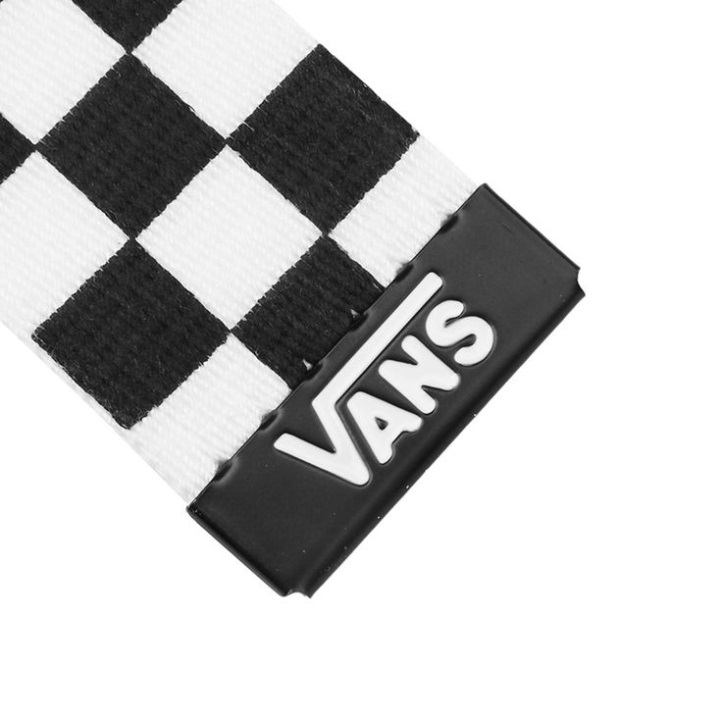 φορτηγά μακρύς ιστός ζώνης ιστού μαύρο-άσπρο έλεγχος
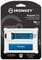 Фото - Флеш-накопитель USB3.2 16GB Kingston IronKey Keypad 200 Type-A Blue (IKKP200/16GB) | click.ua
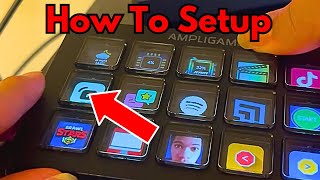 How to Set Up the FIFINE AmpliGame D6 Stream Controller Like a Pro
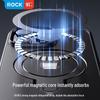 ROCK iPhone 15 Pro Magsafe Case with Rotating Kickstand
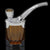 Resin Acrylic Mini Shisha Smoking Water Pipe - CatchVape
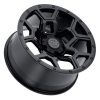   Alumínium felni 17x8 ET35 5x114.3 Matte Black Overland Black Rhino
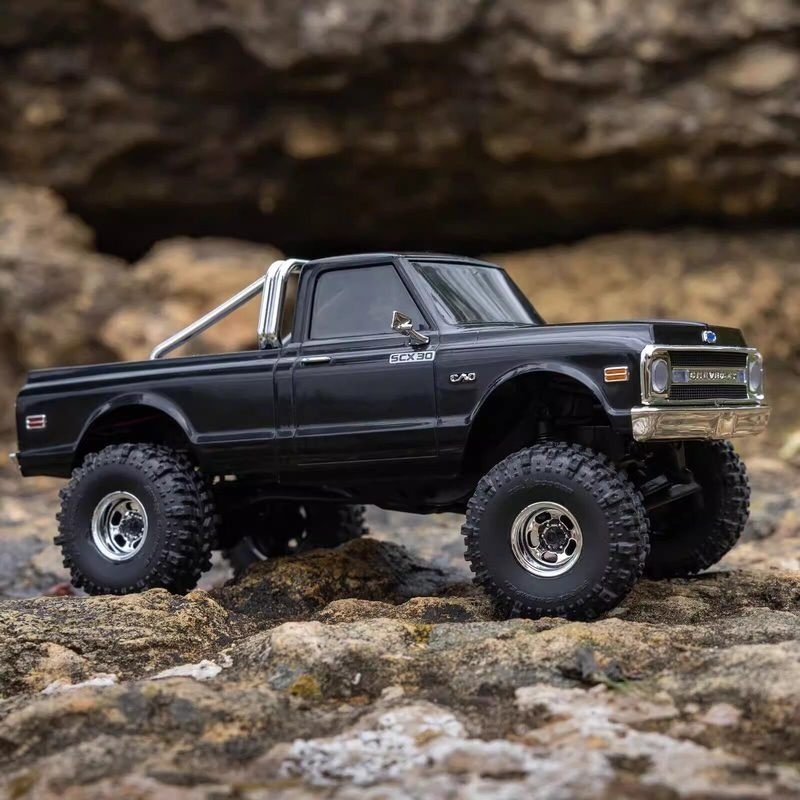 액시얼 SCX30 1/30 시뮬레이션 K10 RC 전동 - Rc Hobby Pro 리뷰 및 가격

◆ ◆ ◆ ◆

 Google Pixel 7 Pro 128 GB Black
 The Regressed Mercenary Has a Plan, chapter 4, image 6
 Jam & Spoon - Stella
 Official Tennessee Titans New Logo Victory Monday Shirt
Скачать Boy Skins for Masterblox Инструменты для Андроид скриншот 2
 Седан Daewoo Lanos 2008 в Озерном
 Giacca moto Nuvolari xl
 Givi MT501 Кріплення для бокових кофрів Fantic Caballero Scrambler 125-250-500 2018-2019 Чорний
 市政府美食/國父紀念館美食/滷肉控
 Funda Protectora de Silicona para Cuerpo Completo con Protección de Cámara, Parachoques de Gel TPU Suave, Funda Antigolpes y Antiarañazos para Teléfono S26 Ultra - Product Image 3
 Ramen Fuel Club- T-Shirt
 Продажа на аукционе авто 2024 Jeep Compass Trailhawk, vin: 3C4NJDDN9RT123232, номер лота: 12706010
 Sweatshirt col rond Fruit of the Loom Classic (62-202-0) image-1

◆ ◆ ◆ ◆

WORK INSTRUCTIONS: Copy out the lines above from the line containing "φορτηγά μακρύς ιστός" through the line containing "액시얼 SCX30 1/30", exactly, and keep the pictures out.

RESPONSE:
 φορτηγά μακρύς ιστός ζώνης ιστού μαύρο-άσπρο έλεγχος
 Фото - Флеш-накопитель USB3.2 16GB Kingston IronKey Keypad 200 Type-A Blue (IKKP200/16GB) | click.ua
 How to Set Up the FIFINE AmpliGame D6 Stream Controller Like a Pro
 ROCK iPhone 15 Pro Magsafe Case with Rotating Kickstand
 Resin Acrylic Mini Shisha Smoking Water Pipe - CatchVape
   Alumínium felni 17x8 ET35 5x114.3 Matte Black Overland Black Rhino
 액시얼 SCX30 1/30 시뮬레이션 K10 RC 전동 - Rc Hobby Pro 리뷰 및 가격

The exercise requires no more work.